▸ Task statement
The data below should be restated word for word, with every picture omitted.

▸ Data excerpt
···
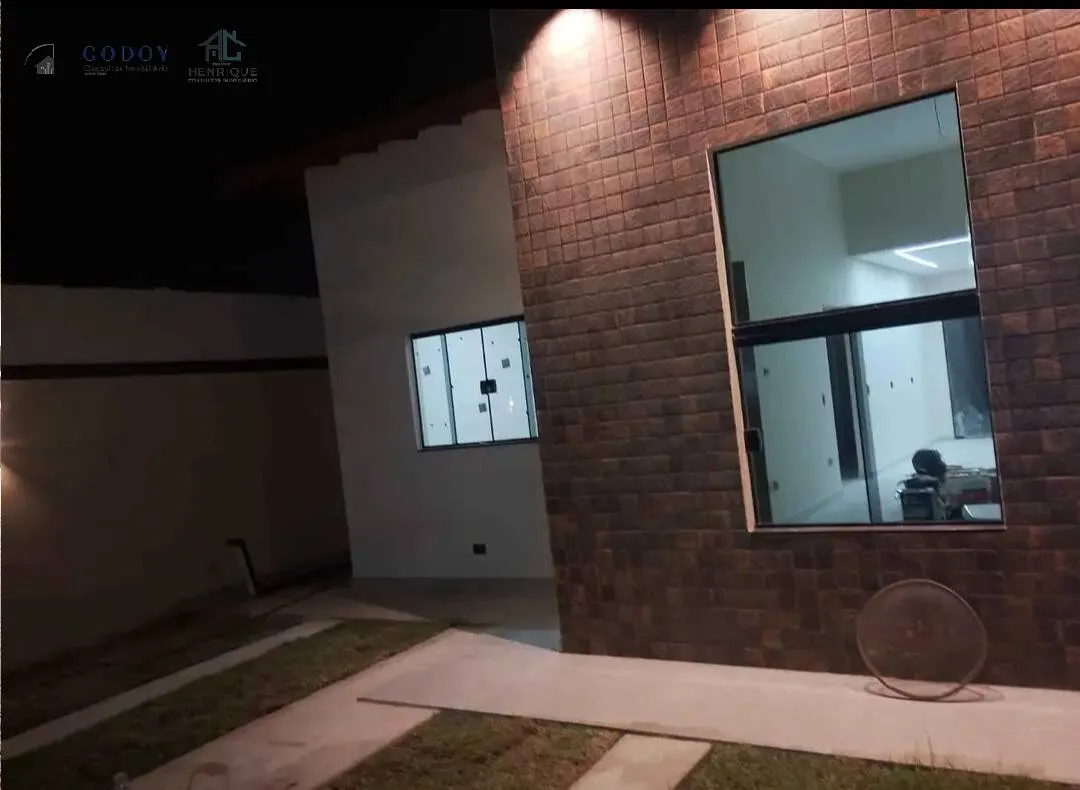 Imagem Casa nova com acabamento de alto padrão!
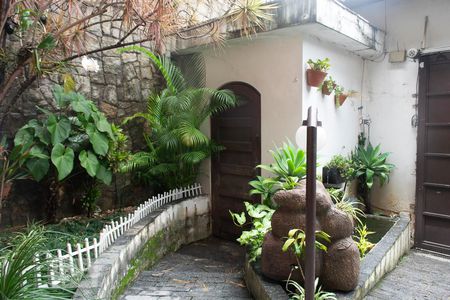 Casa à venda com 382m², 4 quartos e 6 vagasENTRADA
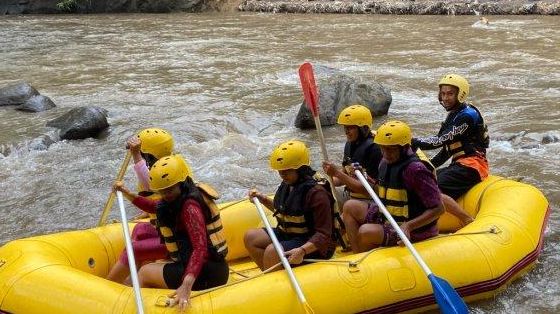 Intip keseruan sejumlah siswi di Bali yang rafting pakai kebaya sebagai bentuk kampanye Kebaya Goes to UNESCO ini!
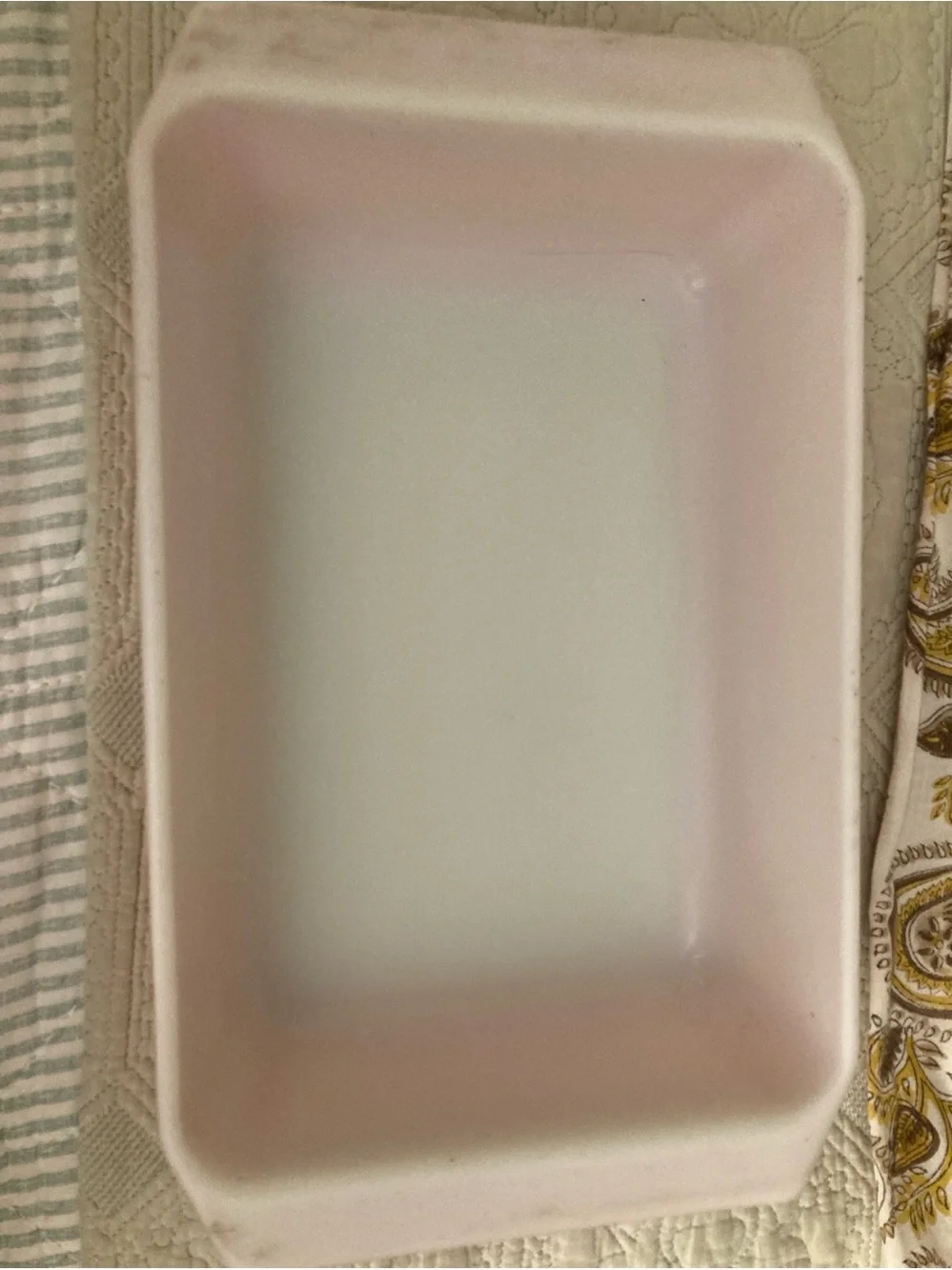 Pyrex vintage pink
···
▸ Answer section
 Imagem Casa nova com acabamento de alto padrão!
 Casa à venda com 382m², 4 quartos e 6 vagasENTRADA
 Intip keseruan sejumlah siswi di Bali yang rafting pakai kebaya sebagai bentuk kampanye Kebaya Goes to UNESCO ini!
 Pyrex vintage pink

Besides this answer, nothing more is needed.